Énorme échec en salles à sa sortie, Le grand chantage a depuis été largement reconnu, au point d'être désormais un classique du film noir. Il faut dire que ses personnages principaux, incarnés par Burt Lancaster et Tony Curtis, n'ont rien de catholique. Le second est un agent publicitaire sans scrupules vivant à Broadway, et qui est chargé par le premier, éditorialiste de renom d'empêcher la liaison de sa sœur avec un guitariste, quitte à employer tous les moyens...
Broadway est filmé ici comme le centre du monde, le cœur du show business, le tout avec une incroyable cruauté.
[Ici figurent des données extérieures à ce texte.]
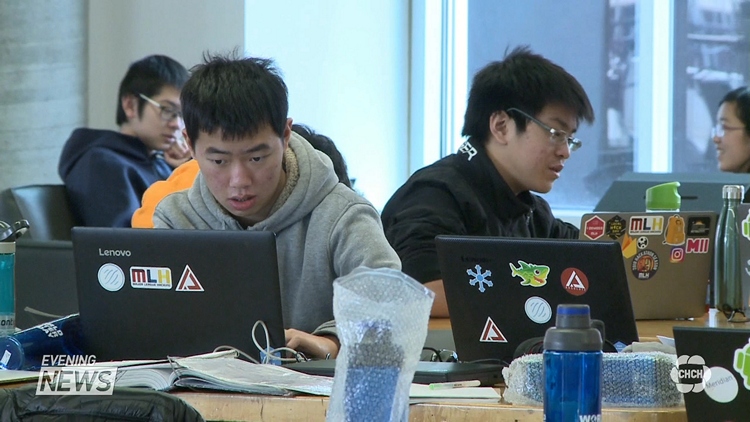 Hack the Hammer challenges students find solutions to city problems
Il faut dire aussi que la lumière signée James Wong Howe donne aussi cette sensation de claustration, d'enfermement, vu qu'une grande partie de l'histoire se déroule de nuit ou dans des lieux clos. Cela donne la sensation que les personnages se débattent pour vivre, exister.
On peut parler du rôle magnifique, mais difficile de Tony Curtis, le plus beau de sa carrière avec L'étrangleur de Boston, où celui-ci joue littéralement un fouille-merde, qui la remue pour essayer que la sœur de Lancaster n'épouse pas ce guitariste. D'ailleurs, Burt Lancaster y joue un personnage très éloignée de ses précédentes compositions physiques, et donne une très forte présence à cet éditorialiste donnant la sensation que ses écrits peuvent contrôler le show business de Broadway.
Le rapport qu'il a avec sa sœur, la jeune Susan Harrison (qui ne fera que deux films, incluant celui-ci), est montrée de manière subtile et laisse fortement suggérer un désir pour elle, voire de l'inceste ; la tendresse qu'il a envers elle, et son bouillonnement visible quand on lui parle de sa liaison avec ce guitariste...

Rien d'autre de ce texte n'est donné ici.